EXERCISE INSTRUCTIONS
Could each entry below be printed again exactly as given?

Short text fragments from websites:
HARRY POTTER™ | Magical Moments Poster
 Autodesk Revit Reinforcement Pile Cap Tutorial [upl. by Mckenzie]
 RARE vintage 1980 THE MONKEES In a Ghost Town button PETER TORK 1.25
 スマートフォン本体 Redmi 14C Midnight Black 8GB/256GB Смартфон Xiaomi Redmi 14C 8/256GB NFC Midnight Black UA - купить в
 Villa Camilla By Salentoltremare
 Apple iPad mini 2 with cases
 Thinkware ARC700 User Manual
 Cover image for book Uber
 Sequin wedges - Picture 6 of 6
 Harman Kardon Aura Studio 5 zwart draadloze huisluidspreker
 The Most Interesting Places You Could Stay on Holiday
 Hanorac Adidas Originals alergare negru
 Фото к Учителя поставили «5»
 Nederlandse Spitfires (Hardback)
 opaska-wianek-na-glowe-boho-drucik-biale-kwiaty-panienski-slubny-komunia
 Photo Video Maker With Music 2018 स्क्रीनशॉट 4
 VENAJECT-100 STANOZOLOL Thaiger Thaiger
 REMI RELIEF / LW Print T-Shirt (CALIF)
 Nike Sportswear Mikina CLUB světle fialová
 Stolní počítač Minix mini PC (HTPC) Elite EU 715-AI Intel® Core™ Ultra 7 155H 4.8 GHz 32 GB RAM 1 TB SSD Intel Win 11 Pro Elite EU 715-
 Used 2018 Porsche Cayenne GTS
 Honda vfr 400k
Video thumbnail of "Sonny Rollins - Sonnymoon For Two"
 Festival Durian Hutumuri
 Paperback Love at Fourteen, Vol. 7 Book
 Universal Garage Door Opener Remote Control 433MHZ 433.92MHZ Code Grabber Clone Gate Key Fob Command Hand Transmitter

ANSWER SPACE
HARRY POTTER™ | Magical Moments Poster
 Autodesk Revit Reinforcement Pile Cap Tutorial [upl. by Mckenzie]
 RARE vintage 1980 THE MONKEES In a Ghost Town button PETER TORK 1.25
 スマートフォン本体 Redmi 14C Midnight Black 8GB/256GB Смартфон Xiaomi Redmi 14C 8/256GB NFC Midnight Black UA - купить в
 Villa Camilla By Salentoltremare
 Apple iPad mini 2 with cases
 Thinkware ARC700 User Manual
 Cover image for book Uber
 Sequin wedges - Picture 6 of 6
 Harman Kardon Aura Studio 5 zwart draadloze huisluidspreker
 The Most Interesting Places You Could Stay on Holiday
 Hanorac Adidas Originals alergare negru
 Фото к Учителя поставили «5»
 Nederlandse Spitfires (Hardback)
 opaska-wianek-na-glowe-boho-drucik-biale-kwiaty-panienski-slubny-komunia
 Photo Video Maker With Music 2018 स्क्रीनशॉट 4
 VENAJECT-100 STANOZOLOL Thaiger Thaiger
 REMI RELIEF / LW Print T-Shirt (CALIF)
 Nike Sportswear Mikina CLUB světle fialová
 Stolní počítač Minix mini PC (HTPC) Elite EU 715-AI Intel® Core™ Ultra 7 155H 4.8 GHz 32 GB RAM 1 TB SSD Intel Win 11 Pro Elite EU 715-
 Used 2018 Porsche Cayenne GTS
 Honda vfr 400k
Video thumbnail of "Sonny Rollins - Sonnymoon For Two"
 Festival Durian Hutumuri
 Paperback Love at Fourteen, Vol. 7 Book
 Universal Garage Door Opener Remote Control 433MHZ 433.92MHZ Code Grabber Clone Gate Key Fob Command Hand Transmitter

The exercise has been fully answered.